Relazione impresa-banca. Negli ultimi 6/12 mesi 3,9 imprese su 10 hanno attivato fornitori per lo sviluppo del business. Al contempo, solo 2,3 imprese su 10 hanno promosso servizi di consulenza per l’export, così come servizi consulenziali per la valutazione e la gestione del portafoglio fornitori. Questo se si parla si fornitori specialistici non appartenenti alla classe degli istituti di credito. In un’ottica di evoluzione del ruolo degli istituti di credito, particolarmente interessante la funzione di questi ultimi nella percezione delle imprese, 8 PMI italiane su 10 valutano infatti positivamente la banca con cui si opera abitualmente come possibile fornitore di servizi specialistici – da sviluppo del business, all’internazionalizzazione, considerando anche i servizi a supporto per accedere alla finanza agevolata e sostenibile – quota che sale a 8,4 su 10 per le imprese con un fatturato tra i 5 e i 25 Milioni. Il principale beneficio in un 1 caso su 2 è di poter usufruire di servizi integrati. La banca in questa logica si configura come partner di valore per molteplici servizi, tra i quali: supporto per selezione/partecipazione a bandi di gara pubblici su finanza agevolata (nel 36% dei casi), servizi informativi/consulenza per lo sviluppo commerciale/crescita del business (27%), soluzioni in ambito cybersecurity (17%), firma digitale (17%), servizi di marketing e di campagna commerciale (16%), consulenza per la valutazione e gestione del portafoglio fornitori (16).

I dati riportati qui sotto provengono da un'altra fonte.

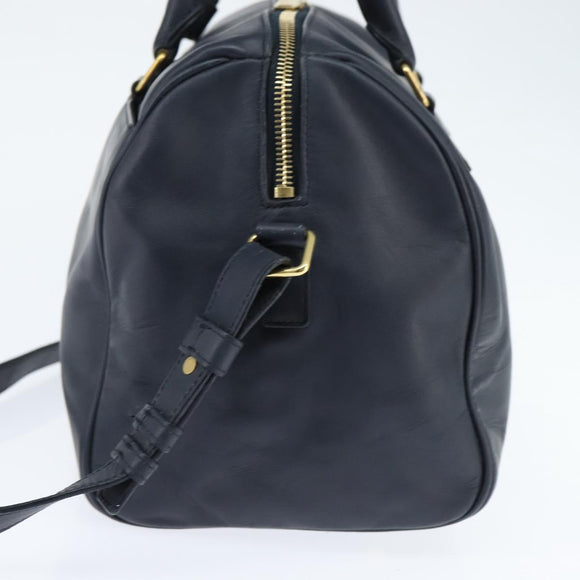 SAINT LAURENT Mini Boston Bag Leather 2way Navy Gold Auth bs30084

Impresa e strumenti digitali. La ricerca ha indagato quale sia lo stato dell’arte attuale e il rapporto delle PMI con gli strumenti digitali, in particolare riguardo l’espletamento di alcune operazioni quali il controllo dei saldi e dei movimenti dei conti correnti aziendali, la gestione e la riconciliazione di incassi/fatture, il tracciamento di pagamenti e addebiti di conto oltre un certo importo (4 PMI su 10 non utilizzano alcun strumento) e il controllo della diffusione di informazioni aziendali, come password o e-mail sul dark web (6 su 10 non monitorano la diffusione di tali informazioni). È emerso un quadro ibrido, in cui a strumenti digitali (1 su 2 usa ERP – Enterprise resource planning ovvero “pianificazione delle risorse d’​impresa” – per il controllo dei saldi e dei movimenti di conto) si affiancano attività manuali per 4 su 10 per alcune attività di finanza-tesoreria (riconciliazione di incassi e fatture), quota che sale al 47% per le imprese con un fatturato sino a 2 Milioni di euro. L’integrazione tra le due modalità appare alta o medio-alta per 4 imprese su 10, ma per 2,6 su 10 attualmente non si rileva nessuna integrazione. È attraverso questo dato che emerge la chiara necessità di supporto alla digitalizzazione di strumenti oggi presidiati manualmente o parzialmente in modalità digital, in primis gli strumenti oggi manuali per lo sviluppo del business e il supporto nell’identificazione dei clienti potenziali (5,5 PMI su 10) e la ricerca di finanziamenti agevolati (4,4 su 10).